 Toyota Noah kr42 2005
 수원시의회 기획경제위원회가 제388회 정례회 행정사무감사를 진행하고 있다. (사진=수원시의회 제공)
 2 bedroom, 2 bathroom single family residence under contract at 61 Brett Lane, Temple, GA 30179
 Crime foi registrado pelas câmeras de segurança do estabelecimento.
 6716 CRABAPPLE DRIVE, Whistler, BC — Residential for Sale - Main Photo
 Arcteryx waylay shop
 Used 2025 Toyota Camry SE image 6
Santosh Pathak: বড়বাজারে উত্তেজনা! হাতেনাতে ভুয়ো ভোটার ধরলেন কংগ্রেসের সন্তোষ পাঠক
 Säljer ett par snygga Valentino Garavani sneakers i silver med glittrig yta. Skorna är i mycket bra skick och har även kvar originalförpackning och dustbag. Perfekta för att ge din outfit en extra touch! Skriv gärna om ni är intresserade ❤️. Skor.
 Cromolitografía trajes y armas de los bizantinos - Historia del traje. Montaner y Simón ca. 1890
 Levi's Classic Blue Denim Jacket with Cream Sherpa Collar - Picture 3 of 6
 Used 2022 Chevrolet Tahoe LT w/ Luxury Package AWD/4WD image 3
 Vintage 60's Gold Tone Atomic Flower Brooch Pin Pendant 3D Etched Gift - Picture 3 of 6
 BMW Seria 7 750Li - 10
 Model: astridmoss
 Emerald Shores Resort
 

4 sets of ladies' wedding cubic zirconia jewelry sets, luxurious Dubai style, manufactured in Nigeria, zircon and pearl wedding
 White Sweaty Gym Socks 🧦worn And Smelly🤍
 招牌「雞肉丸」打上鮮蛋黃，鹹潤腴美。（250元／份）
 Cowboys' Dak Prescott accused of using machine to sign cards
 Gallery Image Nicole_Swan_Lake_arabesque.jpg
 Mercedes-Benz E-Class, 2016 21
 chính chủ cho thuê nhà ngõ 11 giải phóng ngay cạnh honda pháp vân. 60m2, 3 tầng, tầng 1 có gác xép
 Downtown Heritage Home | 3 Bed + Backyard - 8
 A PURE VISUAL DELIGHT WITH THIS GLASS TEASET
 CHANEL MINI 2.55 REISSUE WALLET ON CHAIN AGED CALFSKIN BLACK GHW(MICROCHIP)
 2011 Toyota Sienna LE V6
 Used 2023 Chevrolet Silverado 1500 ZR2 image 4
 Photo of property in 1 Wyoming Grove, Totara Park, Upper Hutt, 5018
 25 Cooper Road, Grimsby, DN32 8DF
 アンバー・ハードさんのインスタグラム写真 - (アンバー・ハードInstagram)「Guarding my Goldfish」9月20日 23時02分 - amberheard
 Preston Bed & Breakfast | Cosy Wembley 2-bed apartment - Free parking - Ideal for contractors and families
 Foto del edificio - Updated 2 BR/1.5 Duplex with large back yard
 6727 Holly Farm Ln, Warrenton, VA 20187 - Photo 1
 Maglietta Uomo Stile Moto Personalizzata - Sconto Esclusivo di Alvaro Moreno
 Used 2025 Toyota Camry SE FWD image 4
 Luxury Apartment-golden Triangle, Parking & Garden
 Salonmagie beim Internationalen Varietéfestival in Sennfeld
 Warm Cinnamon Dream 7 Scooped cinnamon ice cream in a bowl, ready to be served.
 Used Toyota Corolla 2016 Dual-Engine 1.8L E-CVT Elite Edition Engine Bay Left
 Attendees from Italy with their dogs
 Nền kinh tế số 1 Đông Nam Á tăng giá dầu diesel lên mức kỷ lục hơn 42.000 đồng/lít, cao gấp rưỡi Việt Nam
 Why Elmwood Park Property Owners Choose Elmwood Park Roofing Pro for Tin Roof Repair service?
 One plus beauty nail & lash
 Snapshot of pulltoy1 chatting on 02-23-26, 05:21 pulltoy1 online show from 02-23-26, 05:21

------------------------------------------------------------------------

• TASK STATEMENT
For each line shown above, write an exact copy.

• RESULT OF THIS TASK
 Toyota Noah kr42 2005
 수원시의회 기획경제위원회가 제388회 정례회 행정사무감사를 진행하고 있다. (사진=수원시의회 제공)
 2 bedroom, 2 bathroom single family residence under contract at 61 Brett Lane, Temple, GA 30179
 Crime foi registrado pelas câmeras de segurança do estabelecimento.
 6716 CRABAPPLE DRIVE, Whistler, BC — Residential for Sale - Main Photo
 Arcteryx waylay shop
 Used 2025 Toyota Camry SE image 6
Santosh Pathak: বড়বাজারে উত্তেজনা! হাতেনাতে ভুয়ো ভোটার ধরলেন কংগ্রেসের সন্তোষ পাঠক
 Säljer ett par snygga Valentino Garavani sneakers i silver med glittrig yta. Skorna är i mycket bra skick och har även kvar originalförpackning och dustbag. Perfekta för att ge din outfit en extra touch! Skriv gärna om ni är intresserade ❤️. Skor.
 Cromolitografía trajes y armas de los bizantinos - Historia del traje. Montaner y Simón ca. 1890
 Levi's Classic Blue Denim Jacket with Cream Sherpa Collar - Picture 3 of 6
 Used 2022 Chevrolet Tahoe LT w/ Luxury Package AWD/4WD image 3
 Vintage 60's Gold Tone Atomic Flower Brooch Pin Pendant 3D Etched Gift - Picture 3 of 6
 BMW Seria 7 750Li - 10
 Model: astridmoss
 Emerald Shores Resort
 

4 sets of ladies' wedding cubic zirconia jewelry sets, luxurious Dubai style, manufactured in Nigeria, zircon and pearl wedding
 White Sweaty Gym Socks 🧦worn And Smelly🤍
 招牌「雞肉丸」打上鮮蛋黃，鹹潤腴美。（250元／份）
 Cowboys' Dak Prescott accused of using machine to sign cards
 Gallery Image Nicole_Swan_Lake_arabesque.jpg
 Mercedes-Benz E-Class, 2016 21
 chính chủ cho thuê nhà ngõ 11 giải phóng ngay cạnh honda pháp vân. 60m2, 3 tầng, tầng 1 có gác xép
 Downtown Heritage Home | 3 Bed + Backyard - 8
 A PURE VISUAL DELIGHT WITH THIS GLASS TEASET
 CHANEL MINI 2.55 REISSUE WALLET ON CHAIN AGED CALFSKIN BLACK GHW(MICROCHIP)
 2011 Toyota Sienna LE V6
 Used 2023 Chevrolet Silverado 1500 ZR2 image 4
 Photo of property in 1 Wyoming Grove, Totara Park, Upper Hutt, 5018
 25 Cooper Road, Grimsby, DN32 8DF
 アンバー・ハードさんのインスタグラム写真 - (アンバー・ハードInstagram)「Guarding my Goldfish」9月20日 23時02分 - amberheard
 Preston Bed & Breakfast | Cosy Wembley 2-bed apartment - Free parking - Ideal for contractors and families
 Foto del edificio - Updated 2 BR/1.5 Duplex with large back yard
 6727 Holly Farm Ln, Warrenton, VA 20187 - Photo 1
 Maglietta Uomo Stile Moto Personalizzata - Sconto Esclusivo di Alvaro Moreno
 Used 2025 Toyota Camry SE FWD image 4
 Luxury Apartment-golden Triangle, Parking & Garden
 Salonmagie beim Internationalen Varietéfestival in Sennfeld
 Warm Cinnamon Dream 7 Scooped cinnamon ice cream in a bowl, ready to be served.
 Used Toyota Corolla 2016 Dual-Engine 1.8L E-CVT Elite Edition Engine Bay Left
 Attendees from Italy with their dogs
 Nền kinh tế số 1 Đông Nam Á tăng giá dầu diesel lên mức kỷ lục hơn 42.000 đồng/lít, cao gấp rưỡi Việt Nam
 Why Elmwood Park Property Owners Choose Elmwood Park Roofing Pro for Tin Roof Repair service?
 One plus beauty nail & lash
 Snapshot of pulltoy1 chatting on 02-23-26, 05:21 pulltoy1 online show from 02-23-26, 05:21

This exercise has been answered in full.